For p = ∞, the space L^∞(S, μ) is defined as follows. We start with the set of all measurable functions from S to C (or R) which are essentially bounded, i.e. bounded up to a set of measure zero. Again two such functions are identified if they are equal almost everywhere. Denote this set by L^∞(S, μ). For f in L^∞(S, μ), its essential supremum serves as an appropriate norm:

$\|f\|_\infty := \inf \{ C\ge 0 : |f(x)| \le C \mbox{ for almost every } x\}.$

As before, we have

$\|f\|_\infty=\lim_{p\to\infty}\|f\|_p$

if f ∈ L^∞(S) ∩ L^q(S) for some q < ∞.

For 1 ≤ p ≤ ∞, L^∞(S, μ) is a Banach space. Completeness can be checked using the convergence theorems for Lebesgue integrals.
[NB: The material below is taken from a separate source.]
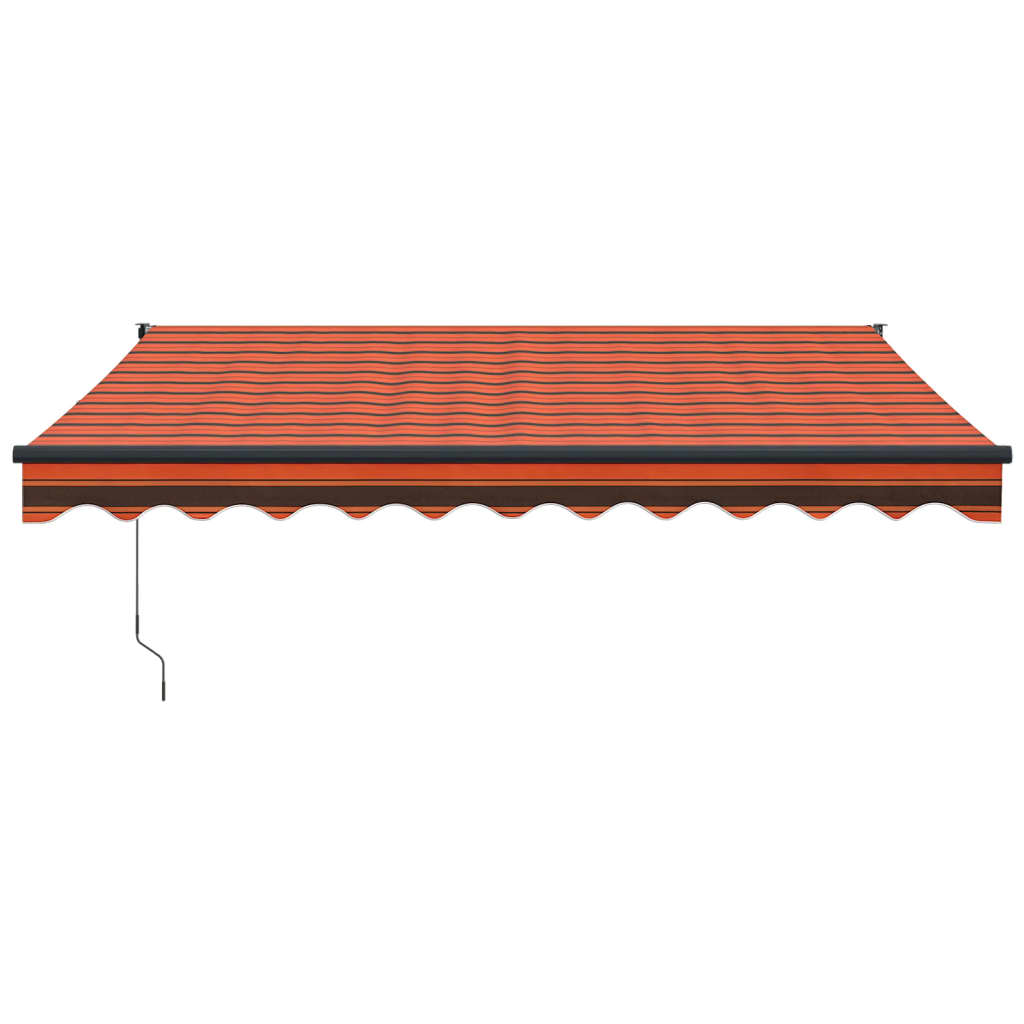 Markise Einziehbar Orange und Braun 3,5x2,5 m Stoff & Aluminium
The above definitions generalize to Bochner spaces.

Special cases

When p = 2; like the $\ell^2$ space, the space L² is the only Hilbert space of this class. The additional inner product structure allows for a richer theory, with applications to, for instance Fourier series and quantum mechanics.

If we use complex-valued functions, the space L^∞ is a commutative C*-algebra with pointwise multiplication and conjugation. For many measure spaces, including all sigma-finite ones, it is in fact a commutative von Neumann algebra. An element of L^∞ defines a bounded operator on the Hilbert space L² by multiplication.
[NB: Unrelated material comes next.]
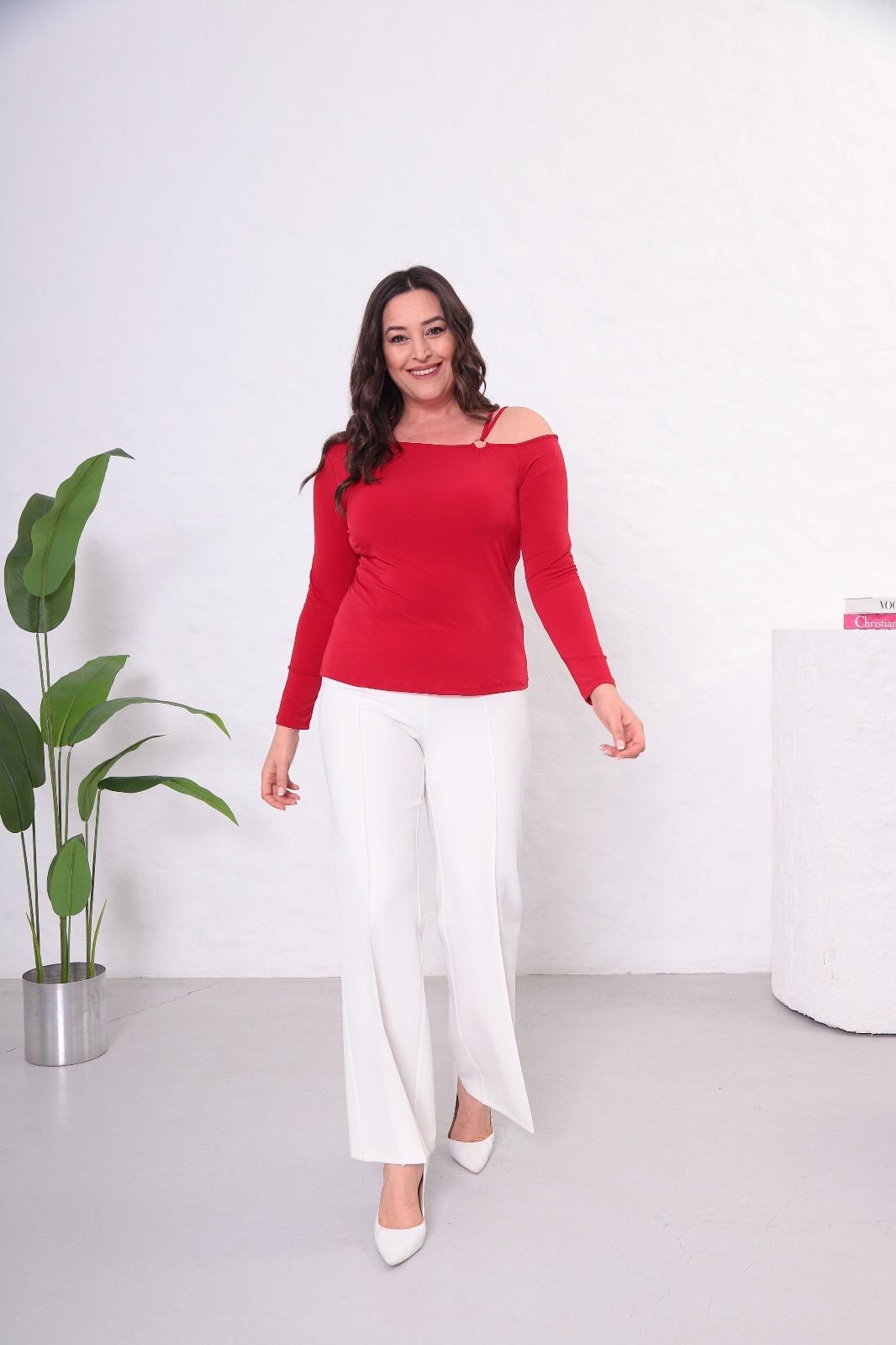 BÜYÜK BEDEN HALKA DETAYLI BLUZ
The $\ell^p$ spaces (1≤p≤∞) are a special case of L^p spaces, when the set S is the positive integers, and the measure used in the integration in the definition is a counting measure. More generally, if one considers any set S with the counting measure, the resulting L^p space is denoted $\ell^p(S)$ . For example, the space $\ell^p(\mathbb Z)$ is the space of all sequences indexed by the integers, and when defining the p-norm on such a space, one sums over all the integers. The space $\ell^p(n)$ , where n is the set with n elements, is Rⁿ with its p-norm as defined above.

Properties of L^p spaces

Dual spaces

The dual space (the space of all continuous linear functionals) of $L p$ for $1 < p < \infty$ has a natural isomorphism with $L q$ , where q is such that 1/p + 1/q = 1, which associates $g\in L^q$ with the functional G $\in (L^p)^*$ defined by

$G(f) = \int \bar{f} g \;\mbox{d}\mu$

(where $\bar{f}$ means the complex conjugate). It is possible to show that any G $\in (L^p)^*$ can be expressed this way. Since the relationship 1/p + 1/q = 1 is symmetric, L^p is reflexive for these values of p: the natural monomorphism from L^p to (L^p)^** is onto, that is, it is an isomorphism of Banach spaces.
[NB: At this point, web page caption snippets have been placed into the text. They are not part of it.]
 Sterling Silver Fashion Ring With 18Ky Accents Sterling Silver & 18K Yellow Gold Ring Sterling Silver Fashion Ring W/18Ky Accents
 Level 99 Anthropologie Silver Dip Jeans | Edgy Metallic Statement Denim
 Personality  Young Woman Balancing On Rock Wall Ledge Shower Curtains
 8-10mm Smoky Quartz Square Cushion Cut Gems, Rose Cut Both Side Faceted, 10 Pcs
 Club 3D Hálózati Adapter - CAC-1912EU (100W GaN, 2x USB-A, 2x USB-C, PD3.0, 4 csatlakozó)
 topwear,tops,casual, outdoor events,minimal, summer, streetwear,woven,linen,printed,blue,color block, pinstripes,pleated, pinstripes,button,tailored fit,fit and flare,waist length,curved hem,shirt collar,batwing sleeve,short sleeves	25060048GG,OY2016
If the measure on S is sigma-finite, then the dual of L¹(S) is isomorphic to L^∞(S). However, except in rather trivial cases, the dual of L^∞ is much bigger than L¹. Elements of (L^∞)^* can be identified with bounded signed finitely additive measures on S in a construction similar to the ba space.

If 0 < p < 1, then L^p can be defined as above, but || · ||_p does not satisfy the triangle inequality in this case, and hence it defines only a quasi-norm. However, we can still define a metric by setting d(f, g) = (||f − g||_p)^p. The resulting metric space is complete, and L^p for 0 < p < 1 is the prototypical example of an F-space that is not locally convex.

Embeddings

Colloquially, if 1 ≤ p ≤ q ≤ ∞, L^p(S) contains functions that are more locally singular while elements of L^q(S) can be more spread out. Consider the Lebesgue measure on the half line (0, ∞). A continuous function in L¹ might blow up near 0 but must decay sufficiently fast toward infinity. On the other hand, continuous functions in L^∞ need not decay at all but no blow-up is allowed. The precise technical result is following:

L^p(S) is not contained in L^q(S) iff S contains sets of arbitrarily small measure, and

L^q(S) is not contained in L^p(S) iff S contains sets of arbitrarily large measure. In particular, if the domain S has finite measure, the bound (a consequence of Hölder's inequality)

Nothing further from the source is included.